**WORK INSTRUCTION:**
Using the entries that follow, write out the line containing "AARRAAMS Farms & Resorts Udhagamandalam", the line containing "Buckingham Palace I", and every line between them, exactly and nothing else.
----- STUDY MATERIAL
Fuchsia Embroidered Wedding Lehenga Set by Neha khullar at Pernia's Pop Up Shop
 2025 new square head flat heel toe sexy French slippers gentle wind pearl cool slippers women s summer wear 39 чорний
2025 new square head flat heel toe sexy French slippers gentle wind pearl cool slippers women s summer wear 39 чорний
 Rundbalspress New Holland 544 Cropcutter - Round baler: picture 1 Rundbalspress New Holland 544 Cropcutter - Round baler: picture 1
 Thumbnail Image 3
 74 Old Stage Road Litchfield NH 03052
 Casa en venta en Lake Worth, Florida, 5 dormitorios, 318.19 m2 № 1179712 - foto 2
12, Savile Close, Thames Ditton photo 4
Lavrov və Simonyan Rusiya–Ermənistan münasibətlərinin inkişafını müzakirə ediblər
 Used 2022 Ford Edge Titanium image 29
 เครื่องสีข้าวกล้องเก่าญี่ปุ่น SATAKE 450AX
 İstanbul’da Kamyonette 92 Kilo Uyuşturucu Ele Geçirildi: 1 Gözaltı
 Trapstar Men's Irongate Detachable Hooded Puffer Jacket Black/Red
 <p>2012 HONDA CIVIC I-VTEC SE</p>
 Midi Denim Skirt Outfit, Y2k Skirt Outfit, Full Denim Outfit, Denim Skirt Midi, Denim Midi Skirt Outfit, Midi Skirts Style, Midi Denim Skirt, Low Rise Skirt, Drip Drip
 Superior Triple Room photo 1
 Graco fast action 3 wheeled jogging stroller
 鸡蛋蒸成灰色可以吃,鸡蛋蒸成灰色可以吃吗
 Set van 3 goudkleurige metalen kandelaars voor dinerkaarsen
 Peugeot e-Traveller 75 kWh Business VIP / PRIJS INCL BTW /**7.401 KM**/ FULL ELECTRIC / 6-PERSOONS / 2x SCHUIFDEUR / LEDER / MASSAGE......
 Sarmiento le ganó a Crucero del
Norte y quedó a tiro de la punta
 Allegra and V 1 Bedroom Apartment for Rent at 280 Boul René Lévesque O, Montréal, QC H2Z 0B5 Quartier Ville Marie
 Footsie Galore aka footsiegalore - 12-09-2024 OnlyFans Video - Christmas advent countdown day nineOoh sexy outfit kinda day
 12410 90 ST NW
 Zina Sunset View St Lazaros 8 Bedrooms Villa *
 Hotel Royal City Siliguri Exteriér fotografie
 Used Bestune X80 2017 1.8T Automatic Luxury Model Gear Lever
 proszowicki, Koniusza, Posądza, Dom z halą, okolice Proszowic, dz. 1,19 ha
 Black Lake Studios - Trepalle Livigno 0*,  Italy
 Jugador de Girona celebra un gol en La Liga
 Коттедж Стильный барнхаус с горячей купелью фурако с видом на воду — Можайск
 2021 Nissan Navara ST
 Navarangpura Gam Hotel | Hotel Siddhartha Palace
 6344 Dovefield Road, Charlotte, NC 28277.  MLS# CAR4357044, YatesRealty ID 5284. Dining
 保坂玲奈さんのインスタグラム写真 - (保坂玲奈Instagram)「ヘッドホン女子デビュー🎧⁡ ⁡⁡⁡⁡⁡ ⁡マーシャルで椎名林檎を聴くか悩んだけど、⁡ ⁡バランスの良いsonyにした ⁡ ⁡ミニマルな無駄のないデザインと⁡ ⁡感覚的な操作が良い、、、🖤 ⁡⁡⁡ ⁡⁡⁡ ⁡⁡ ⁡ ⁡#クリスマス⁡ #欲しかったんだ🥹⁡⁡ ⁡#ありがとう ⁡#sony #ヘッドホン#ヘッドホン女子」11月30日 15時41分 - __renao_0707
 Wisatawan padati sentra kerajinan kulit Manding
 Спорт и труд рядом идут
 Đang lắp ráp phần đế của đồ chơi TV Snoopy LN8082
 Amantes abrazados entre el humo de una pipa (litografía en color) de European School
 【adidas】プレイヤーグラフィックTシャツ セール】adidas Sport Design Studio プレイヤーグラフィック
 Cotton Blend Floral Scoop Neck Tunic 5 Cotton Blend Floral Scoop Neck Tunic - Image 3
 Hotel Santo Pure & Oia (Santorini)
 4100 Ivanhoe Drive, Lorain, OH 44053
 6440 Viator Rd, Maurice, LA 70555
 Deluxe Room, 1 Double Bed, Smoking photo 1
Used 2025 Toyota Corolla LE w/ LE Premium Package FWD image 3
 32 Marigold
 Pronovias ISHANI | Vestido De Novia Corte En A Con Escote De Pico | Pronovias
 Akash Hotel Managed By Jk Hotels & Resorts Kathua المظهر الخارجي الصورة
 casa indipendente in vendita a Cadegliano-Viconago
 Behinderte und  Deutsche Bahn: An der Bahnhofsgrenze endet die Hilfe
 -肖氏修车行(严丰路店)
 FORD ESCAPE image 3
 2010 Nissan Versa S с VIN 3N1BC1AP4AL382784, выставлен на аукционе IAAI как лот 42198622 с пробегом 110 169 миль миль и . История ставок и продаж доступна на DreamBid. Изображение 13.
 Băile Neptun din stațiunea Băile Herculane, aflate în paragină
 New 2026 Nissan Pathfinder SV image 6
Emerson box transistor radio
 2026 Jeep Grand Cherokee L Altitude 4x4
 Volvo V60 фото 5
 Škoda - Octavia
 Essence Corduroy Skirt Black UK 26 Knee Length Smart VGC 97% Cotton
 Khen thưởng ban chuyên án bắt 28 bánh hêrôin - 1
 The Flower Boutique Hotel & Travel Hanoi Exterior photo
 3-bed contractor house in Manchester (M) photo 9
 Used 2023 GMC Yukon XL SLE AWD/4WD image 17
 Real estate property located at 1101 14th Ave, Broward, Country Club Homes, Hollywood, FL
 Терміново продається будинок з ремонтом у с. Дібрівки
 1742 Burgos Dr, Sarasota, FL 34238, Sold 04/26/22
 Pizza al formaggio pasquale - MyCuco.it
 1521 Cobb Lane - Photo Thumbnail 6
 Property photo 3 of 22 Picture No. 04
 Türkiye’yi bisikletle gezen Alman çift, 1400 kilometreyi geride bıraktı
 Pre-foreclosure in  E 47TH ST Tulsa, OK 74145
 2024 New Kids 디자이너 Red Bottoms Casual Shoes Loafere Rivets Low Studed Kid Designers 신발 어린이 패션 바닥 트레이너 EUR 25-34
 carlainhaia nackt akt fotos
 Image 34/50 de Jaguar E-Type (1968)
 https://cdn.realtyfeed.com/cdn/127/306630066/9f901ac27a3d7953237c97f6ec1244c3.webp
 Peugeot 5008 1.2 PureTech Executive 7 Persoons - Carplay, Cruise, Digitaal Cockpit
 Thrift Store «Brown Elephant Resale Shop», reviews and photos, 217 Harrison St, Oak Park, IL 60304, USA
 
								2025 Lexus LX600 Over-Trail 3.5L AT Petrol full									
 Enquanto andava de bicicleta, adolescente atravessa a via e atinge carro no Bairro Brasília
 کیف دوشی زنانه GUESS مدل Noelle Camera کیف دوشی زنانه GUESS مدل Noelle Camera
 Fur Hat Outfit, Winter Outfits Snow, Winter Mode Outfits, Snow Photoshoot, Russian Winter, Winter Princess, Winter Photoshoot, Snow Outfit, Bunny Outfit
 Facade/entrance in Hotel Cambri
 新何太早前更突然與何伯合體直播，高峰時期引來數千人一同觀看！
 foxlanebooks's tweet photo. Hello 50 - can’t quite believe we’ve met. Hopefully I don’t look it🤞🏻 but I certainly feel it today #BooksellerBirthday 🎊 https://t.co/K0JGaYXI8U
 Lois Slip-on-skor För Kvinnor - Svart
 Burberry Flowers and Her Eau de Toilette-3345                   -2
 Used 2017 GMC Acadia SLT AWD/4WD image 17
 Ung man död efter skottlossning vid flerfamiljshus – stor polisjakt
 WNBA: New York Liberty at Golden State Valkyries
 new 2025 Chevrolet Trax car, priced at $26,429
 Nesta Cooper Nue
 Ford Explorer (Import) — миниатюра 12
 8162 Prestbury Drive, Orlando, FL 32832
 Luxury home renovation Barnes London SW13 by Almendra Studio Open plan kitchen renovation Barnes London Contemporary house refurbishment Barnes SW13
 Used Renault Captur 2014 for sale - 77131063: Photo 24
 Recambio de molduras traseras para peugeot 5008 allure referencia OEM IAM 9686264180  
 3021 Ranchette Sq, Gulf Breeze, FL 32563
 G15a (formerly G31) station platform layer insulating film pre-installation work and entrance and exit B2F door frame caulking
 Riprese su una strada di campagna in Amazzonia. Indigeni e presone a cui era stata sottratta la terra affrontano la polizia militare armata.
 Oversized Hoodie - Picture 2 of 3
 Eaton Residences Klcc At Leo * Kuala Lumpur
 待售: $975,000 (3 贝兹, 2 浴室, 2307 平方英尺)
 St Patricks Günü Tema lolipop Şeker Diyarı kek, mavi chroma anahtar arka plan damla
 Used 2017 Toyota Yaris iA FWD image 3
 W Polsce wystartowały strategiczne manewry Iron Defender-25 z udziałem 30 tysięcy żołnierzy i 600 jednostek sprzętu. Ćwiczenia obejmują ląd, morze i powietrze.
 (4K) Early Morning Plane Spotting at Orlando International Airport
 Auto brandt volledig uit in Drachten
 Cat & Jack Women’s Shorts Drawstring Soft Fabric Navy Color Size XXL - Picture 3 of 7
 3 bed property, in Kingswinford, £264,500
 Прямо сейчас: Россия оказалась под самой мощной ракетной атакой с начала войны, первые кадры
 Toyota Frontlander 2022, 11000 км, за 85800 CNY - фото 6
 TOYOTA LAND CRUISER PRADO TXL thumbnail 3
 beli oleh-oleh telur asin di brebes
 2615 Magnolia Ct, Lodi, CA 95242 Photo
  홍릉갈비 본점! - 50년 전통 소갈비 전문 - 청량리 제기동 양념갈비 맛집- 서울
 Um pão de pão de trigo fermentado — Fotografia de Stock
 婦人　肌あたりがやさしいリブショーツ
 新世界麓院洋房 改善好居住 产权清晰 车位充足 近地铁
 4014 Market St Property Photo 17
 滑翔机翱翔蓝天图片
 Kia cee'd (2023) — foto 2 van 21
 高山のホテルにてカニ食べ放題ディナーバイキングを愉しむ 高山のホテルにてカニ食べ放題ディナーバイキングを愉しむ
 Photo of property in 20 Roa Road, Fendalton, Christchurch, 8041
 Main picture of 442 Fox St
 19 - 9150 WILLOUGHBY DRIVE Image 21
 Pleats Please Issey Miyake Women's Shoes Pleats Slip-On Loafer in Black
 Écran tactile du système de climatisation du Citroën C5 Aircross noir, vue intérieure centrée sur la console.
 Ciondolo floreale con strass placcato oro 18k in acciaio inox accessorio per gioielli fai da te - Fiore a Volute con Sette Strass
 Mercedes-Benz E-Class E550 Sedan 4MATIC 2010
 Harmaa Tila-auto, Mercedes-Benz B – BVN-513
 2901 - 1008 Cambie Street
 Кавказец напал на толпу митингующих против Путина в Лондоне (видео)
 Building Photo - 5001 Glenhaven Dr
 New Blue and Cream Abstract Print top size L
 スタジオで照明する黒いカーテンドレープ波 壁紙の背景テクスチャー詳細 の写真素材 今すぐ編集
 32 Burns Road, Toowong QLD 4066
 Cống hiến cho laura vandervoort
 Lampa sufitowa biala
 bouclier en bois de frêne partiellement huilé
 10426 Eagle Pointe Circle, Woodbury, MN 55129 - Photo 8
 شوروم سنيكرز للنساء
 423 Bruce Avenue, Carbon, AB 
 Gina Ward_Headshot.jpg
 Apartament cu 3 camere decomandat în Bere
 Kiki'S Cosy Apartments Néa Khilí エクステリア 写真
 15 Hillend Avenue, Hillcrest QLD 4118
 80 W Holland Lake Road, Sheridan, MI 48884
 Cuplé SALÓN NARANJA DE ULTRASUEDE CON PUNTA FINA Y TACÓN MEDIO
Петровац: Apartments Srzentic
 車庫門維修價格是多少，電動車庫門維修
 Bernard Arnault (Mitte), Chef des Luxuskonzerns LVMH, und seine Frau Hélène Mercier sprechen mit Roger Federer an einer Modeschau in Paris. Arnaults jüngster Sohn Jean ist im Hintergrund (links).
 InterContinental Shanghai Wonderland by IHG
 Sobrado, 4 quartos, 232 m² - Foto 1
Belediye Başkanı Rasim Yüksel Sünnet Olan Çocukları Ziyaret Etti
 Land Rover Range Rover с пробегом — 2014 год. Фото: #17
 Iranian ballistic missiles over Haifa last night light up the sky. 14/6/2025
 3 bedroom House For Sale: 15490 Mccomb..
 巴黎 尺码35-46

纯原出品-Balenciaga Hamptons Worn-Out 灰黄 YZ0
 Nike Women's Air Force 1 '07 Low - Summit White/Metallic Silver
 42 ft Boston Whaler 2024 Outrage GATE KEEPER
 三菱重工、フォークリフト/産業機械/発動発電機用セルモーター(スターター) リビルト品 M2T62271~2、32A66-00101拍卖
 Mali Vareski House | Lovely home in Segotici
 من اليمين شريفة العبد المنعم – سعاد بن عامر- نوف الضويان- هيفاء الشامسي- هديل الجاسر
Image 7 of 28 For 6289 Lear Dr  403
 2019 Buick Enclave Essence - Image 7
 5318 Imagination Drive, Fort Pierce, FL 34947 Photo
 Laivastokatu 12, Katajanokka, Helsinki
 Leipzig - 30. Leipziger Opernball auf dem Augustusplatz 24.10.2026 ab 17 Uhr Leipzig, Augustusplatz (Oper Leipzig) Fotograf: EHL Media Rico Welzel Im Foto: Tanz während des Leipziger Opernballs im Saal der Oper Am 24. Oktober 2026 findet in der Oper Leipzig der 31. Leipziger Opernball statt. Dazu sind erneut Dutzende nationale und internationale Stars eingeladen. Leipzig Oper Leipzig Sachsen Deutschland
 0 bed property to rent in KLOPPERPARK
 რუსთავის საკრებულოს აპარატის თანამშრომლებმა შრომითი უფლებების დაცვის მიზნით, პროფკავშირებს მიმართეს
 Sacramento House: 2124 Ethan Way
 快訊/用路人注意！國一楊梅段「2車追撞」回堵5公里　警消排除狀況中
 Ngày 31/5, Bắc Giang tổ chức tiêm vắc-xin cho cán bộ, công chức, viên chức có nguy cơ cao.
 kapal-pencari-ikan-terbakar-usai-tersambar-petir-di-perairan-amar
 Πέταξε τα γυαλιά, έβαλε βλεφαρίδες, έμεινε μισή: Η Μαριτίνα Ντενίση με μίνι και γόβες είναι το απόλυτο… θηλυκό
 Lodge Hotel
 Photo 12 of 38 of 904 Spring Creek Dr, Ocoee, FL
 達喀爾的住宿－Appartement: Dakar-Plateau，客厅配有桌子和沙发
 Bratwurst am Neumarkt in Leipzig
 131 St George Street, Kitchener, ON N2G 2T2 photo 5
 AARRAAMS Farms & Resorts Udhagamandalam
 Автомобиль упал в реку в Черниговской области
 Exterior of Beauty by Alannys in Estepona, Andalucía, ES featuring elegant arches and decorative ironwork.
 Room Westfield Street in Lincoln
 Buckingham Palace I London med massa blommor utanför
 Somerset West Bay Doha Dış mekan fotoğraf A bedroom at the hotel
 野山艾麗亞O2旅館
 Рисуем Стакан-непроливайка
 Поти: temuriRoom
----------
**ANSWER TO THE EXERCISE:**
 AARRAAMS Farms & Resorts Udhagamandalam
 Автомобиль упал в реку в Черниговской области
 Exterior of Beauty by Alannys in Estepona, Andalucía, ES featuring elegant arches and decorative ironwork.
 Room Westfield Street in Lincoln
 Buckingham Palace I London med massa blommor utanför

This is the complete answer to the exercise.